(Reaches for an English/Voinian dictionary...)
Pict: One of the northern tribes that resisted the Roman empire.
Pict: Also a file format for graphics.
Tiff: Something lovers have when they argue.
Tiff: Abbreviation for Tagged Image File Format. The ones that EV-Edit seems to like.
What you actually need for EV and EV:O, if I'm not mistaken, is TIFF files. There are lots of paint-type programs which allow you to convert a graphic from PICT or whatever into TIFF, though; don't worry.
When I started doing ship graphics I was using a horrible old 3D rendering program called Extreme 3D, which insisted on saving everything as Micro$oft bitmap files (.bmp). Bleh! Those are totally uncompressed files, and really waste space.
Anyway, it was simple enough to build a 3D model and create a 36 frame 'movie' in which the ship was seen to spin about its centre, turning to clockwise in ten degree increments.
In Photoshop I drew myself a simple TIFF picture which was square, with ten lines dividing the space up into 36 equal boxes. It is important that the size of each of these boxes is a multiple of eight pixels; ie a ship sprite can measure 24x24, or 64x64, but it can't be 30x30.
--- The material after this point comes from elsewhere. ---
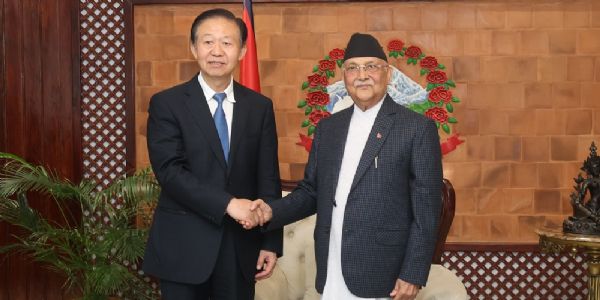 चीनः नेपालं प्रति बीआरआई परियोजनायाः तत्कालं प्रवर्तनोत्तरं भारो वर्धितः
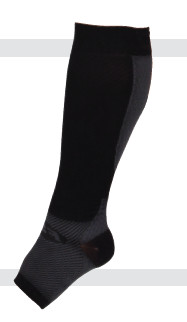 FS6+ compression leg-sleeve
I copied and pasted each frame of my tiny movie into the spaces on my grid. Any space around them, I blacked out. Thus, I had a single picture with 36 views of the new ship on it. I saved this as a .tiff file.
I selected everything, and told Photoshop to applt the filter 'blur more'. This spread the images slightly - made them a little fatter. Then I repeatedly used the 'lighten image' feature, until my sprites were completely washed out. They appeared as white spaces, shaped like the ship but slightly larger. I converted the picture's colour depth to binary - each pixel either completely white or wholly black... and thus I had my sprite mask. With the 'holes' in the mask being slightly larger than the ship itself, you get a thin black line around the edge of the ship when you fly over another graphic, which looks nice.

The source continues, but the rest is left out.